But the unrest could also prove problematic for the terrorist group: Yemen's protesters are demanding democratic freedoms, not the Islamic caliphate al-Qaeda seeks to create in this Middle Eastern nation and elsewhere.
Such calls for democracy would make it harder for al-Qaeda to claim it has popular sentiments on its side, and would also give the disaffected a peaceful way to air their grievances without fear of persecution.
"If we change the system, if we have a real government, I am sure we won't have al-Qaeda or terrorism anymore," said Mohsin Bin Farid, secretary general of the opposition party, League of the Sons of Yemen.
Across the Arab world, U.S.-backed autocrats who have played vital roles in combating terrorism are under siege by populist revolts, raising concerns that changes in leadership could disrupt efforts by the United States and its allies to prevent al-Qaeda's growth.
But there are also indications that al-Qaeda itself is concerned about the potential downside of the democratic freedoms being unleashed by protests across the region. Populations repressed by U.S.-backed regimes have long provided a pipeline for radicalization, recruitment and financing for al-Qaeda and other militant groups.

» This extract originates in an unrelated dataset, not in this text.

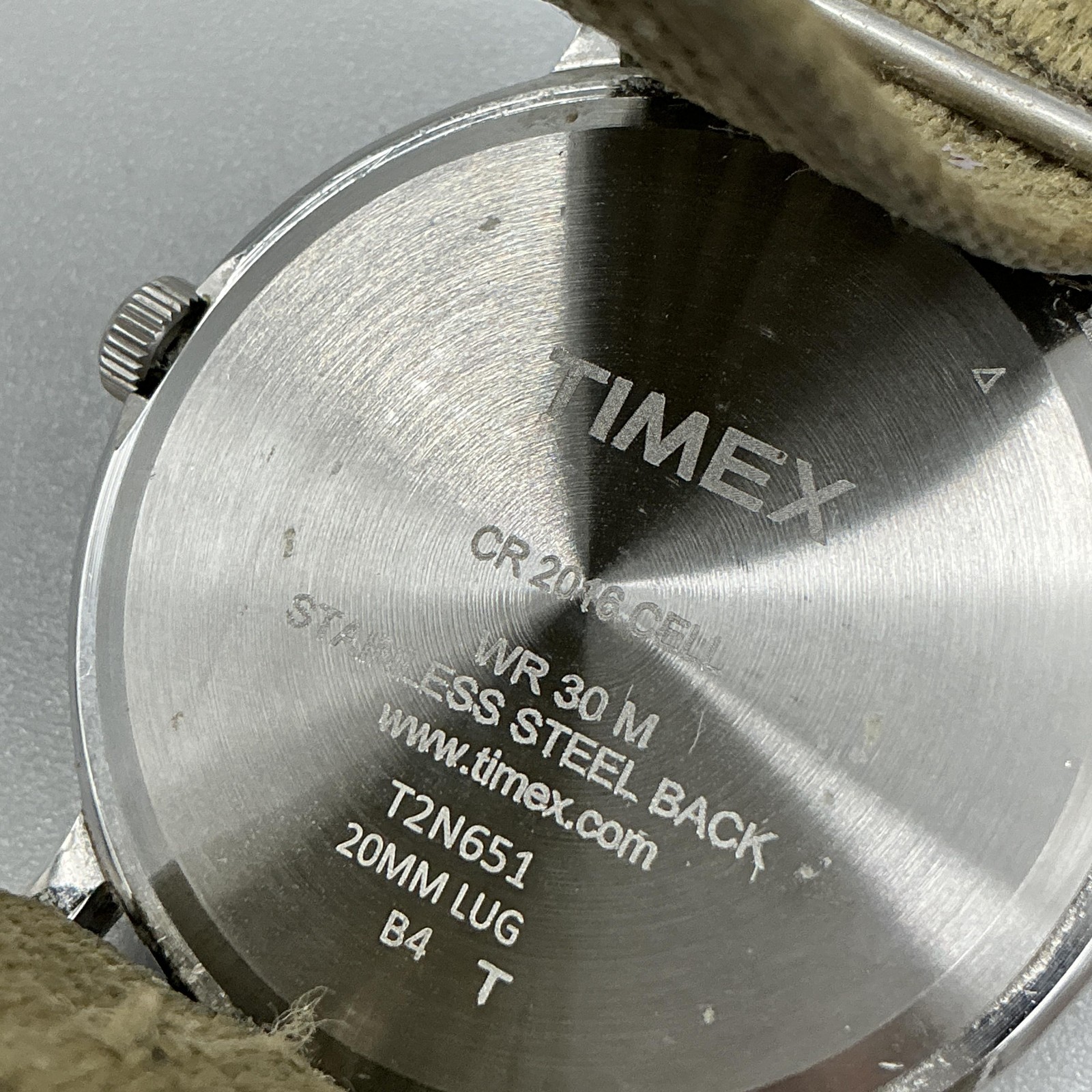 Timex Weekender Indiglo Mens Watch 37mm Cream Dial Green Nylon Strap T2N651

On Friday, the terrorism network's deputy leader, Ayman al-Zawahiri, said in a taped message to the Egyptian people that their nation's rule had long "deviated from Islam" and warned that democracy "can only be nonreligious."

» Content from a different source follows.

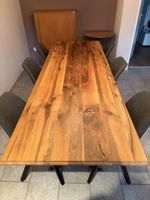 Beizentisch Bistrotisch Esstisch Horgen Glarus Nussbaum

And last week, the most recent issue of Sada al-Malahim, an online magazine published by al-Qaeda in the Arabian Peninsula, called for the Tunisian people to implement "God's law" and said that democracy was the way to hell, according to a translation posted on Waq-al-Waq, a blog written by Gregory Johnsen, an expert on Yemen based at Princeton University.
"There is something momentous unfolding in the region and al-Qaeda is not an actor in it. They feel left out," said Marina Ottaway, head of the Middle East program at the Carnegie Endowment for International Peace. "Even the Muslim Brotherhood, and other Islamist organizations, are calling for democracy . . . It's a problem for al-Qaeda that these protest movements are predominantly secular."
After Pakistan and Afghanistan, nowhere is the future of al-Qaeda of more concern for the United States than in Yemen. Of all the embattled Arab leaders, Yemen's President Ali Abdullah Saleh, who has ruled for more than 32 years, is one of Washington's most vital partners in fighting terrorism. Last year, the United States gave Yemen $300 million in military and development aid to fight al-Qaeda in the Arabian Peninsula, the network's most ambitious affiliate.
The group, often referred to by its acronym, AQAP, has thrived in Yemen's mountainous terrain, operating under the cloak of sympathetic tribes and feeding off the nation's instability.
In southern Yemen, its main stronghold, AQAP has exploited deep-rooted resentment against Saleh and his government to gain recruits and support. Despite U.S. funding, the government has been stretched thin in its fight against al-Qaeda, dealing with multiple emergencies, including a northern rebellion, a secessionist movement in the south and immense poverty.